An example configuration file for use by mig-runner is shown below.
; Sample MIG runner configuration file [runner] directory = "/home/mig-runner/runner" ; The path to the root runner directory checkdirectory = 30 ; How often to check runners/ for job changes [logging] mode = "stdout" ; stdout | file | syslog level = "debug" [client] clientconfpath = "default" ; Path to client conf, default for $HOME/.migrc delayresults = "30s"; Duration after action expiry to fetch results
If the GPG key used by mig-runner is protected by a passphrase, the passphrase option can be included under the client section. If this is specified this passphrase will be used to access the private key.
The delayresults value is optional. If not set, the runner will attempt to fetch action results when the action has expired. If this is set to a duration string value, the runner will wait the specified duration after action expiry before fetching results (for example to ensure all results are written to the database by the scheduler).
The checkdirectory option specifies the number of seconds that elapse between scans of the runner directory for job changes. The runner will automatically add or remove jobs as new jobs are added in the spool directory. When the runner identifies changes to a job, this will be indicated in the log file as the old job configuration will be removed and the new configuration installed.
The directory option specifies the root directory that stores all the mig-runner related control information. A typical runner directory may look something like this.
runner/ | + runners/ | | | + job1/ | + job2/ | + plugins/
Under each job directory, a file entity.cfg defines the parameters used to run this job.
[configuration] schedule = "<cronexpr>" plugin = "<plugin name>"
The schedule option should be set to a cron style expression to note when the job should be run.
The plugin is optional. If set, the value will be interpreted as an executable in the plugins directory. The results of the job will be piped into stdin of this executable in JSON format (mig.RunnerResult). The plugin can then parse and forward the data as needed.

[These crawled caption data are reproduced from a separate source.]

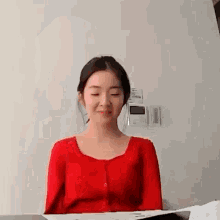 gleektate irene laugh laughing gleektate irene laugh laughing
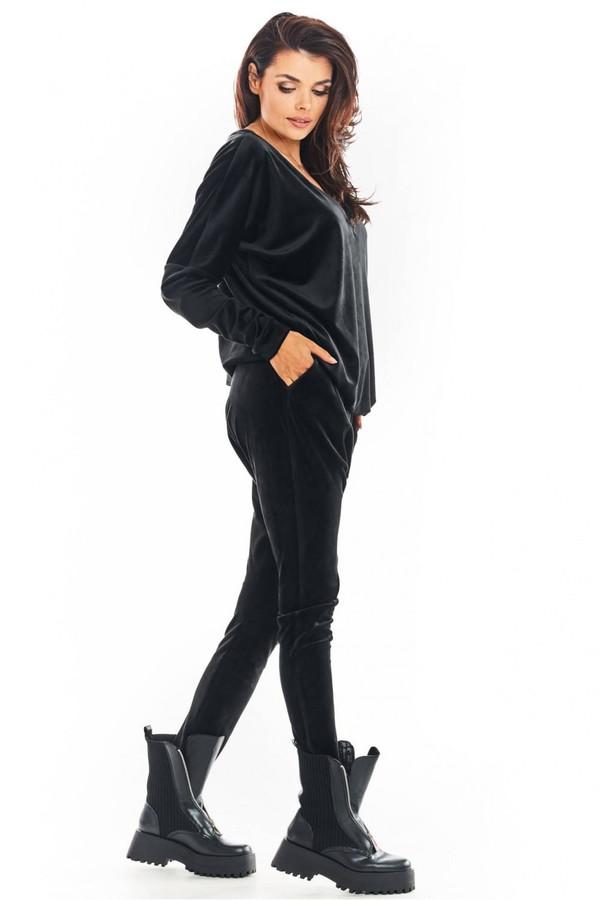 black - Tracksuit trousers model 149776 awama U704-149776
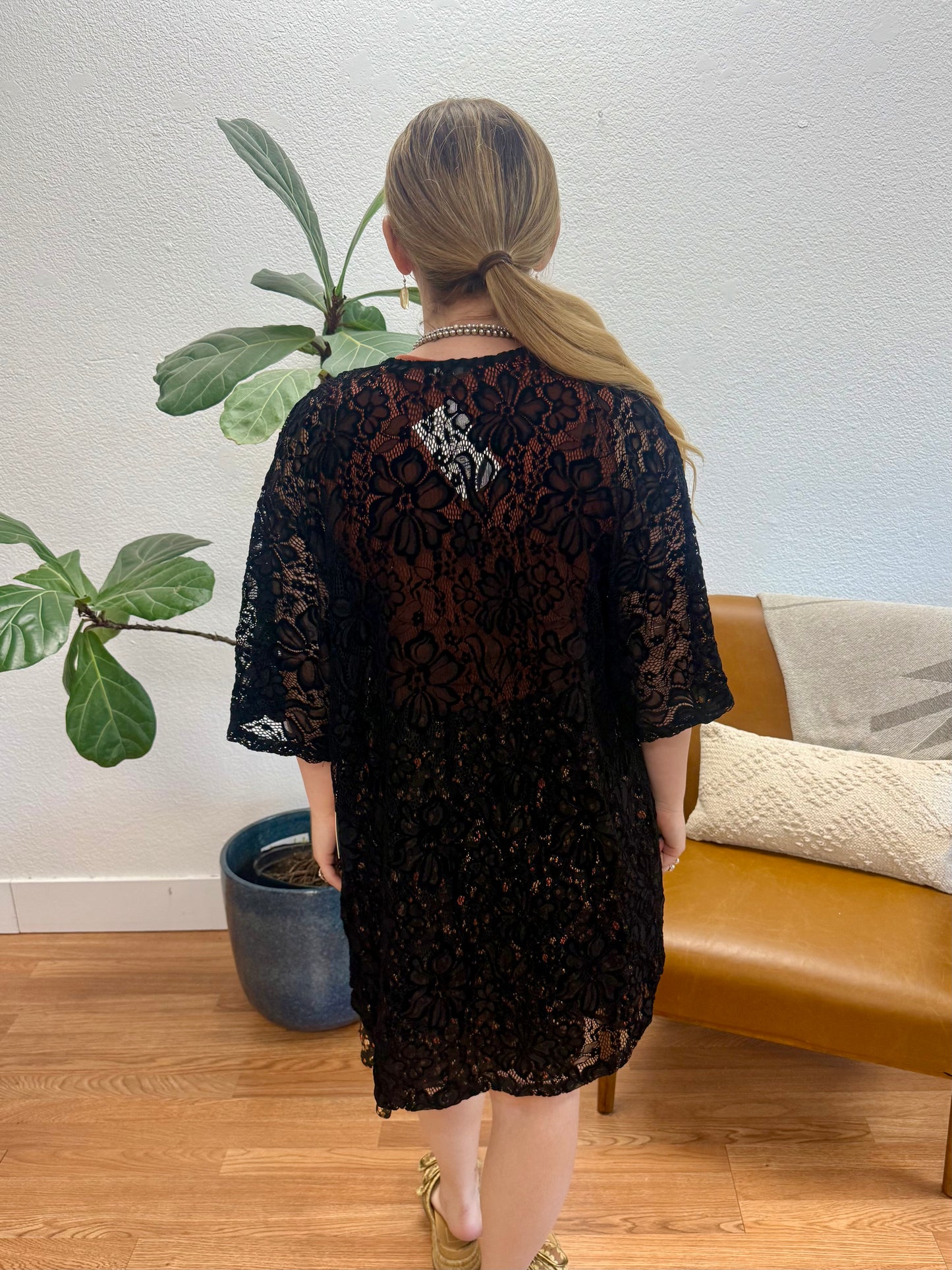 Black Floral Lace Kimono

Optionally the expiry setting can be set to a go Duration string to use for action expiry (for example 10m for 10 minutes). If this is not set in the job configuration, a default of 5 minutes will be used.
Optionally the sendonly setting can be set to true, which will result in the runner only dispatching the action, but not attempting to retrieve any results. As an example, this can be used to deploy actions that would be processed by MIG workers, rather than retrieved and processed on the runner side.

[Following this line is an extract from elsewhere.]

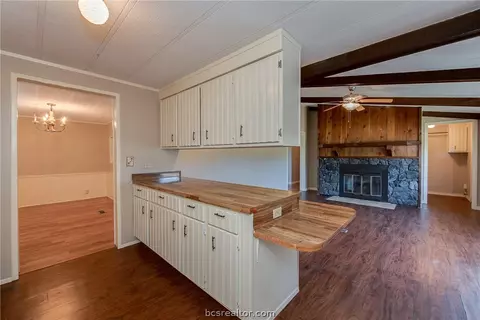 8136 Longview Dr, Bryan, TX 77808 photo 12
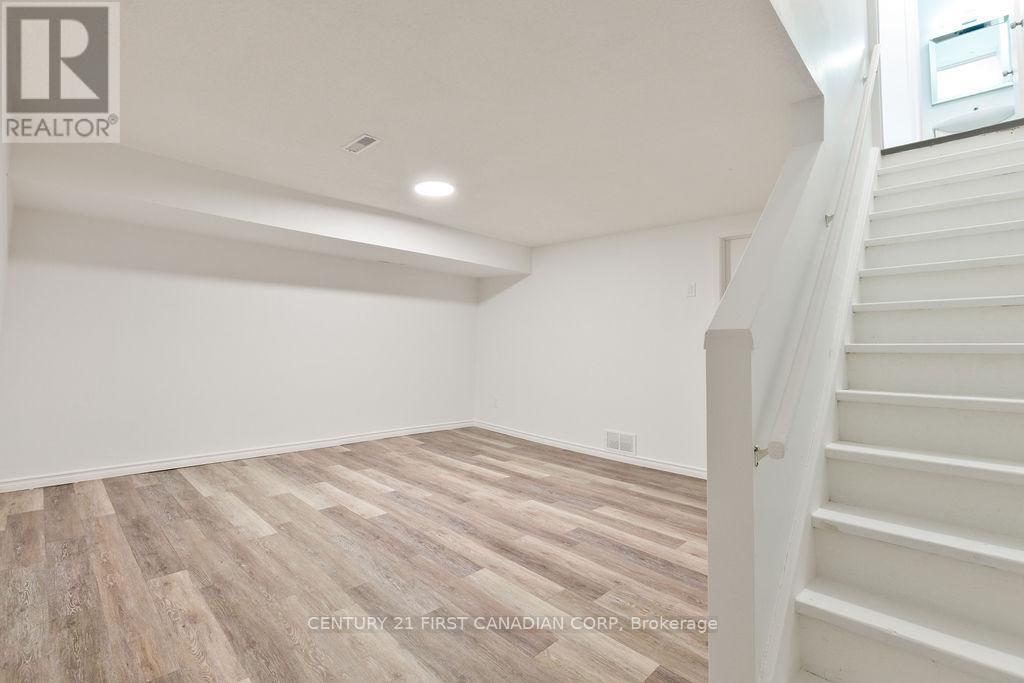 #27 45 GATEWOOD PLACE - 28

The results are also written into a results/ subdirectory under the runner directory, using the action ID as a file name. This happens regardless of any plugin configuration for the job.
In the job directory, the MIG action should should be launched should be called action.json. The time validity and expiration fields will be filled in by the runner process before dispatching the action to the API.
The runner writes JSON output to stdin of any configured output plugin. This is intended to provide flexibility, allowing plugins to be developed in any language. If a plugin is being developed in go, the mig.RunnerResult type can be used to parse incoming data. In other languages the JSON can be parsed as desired.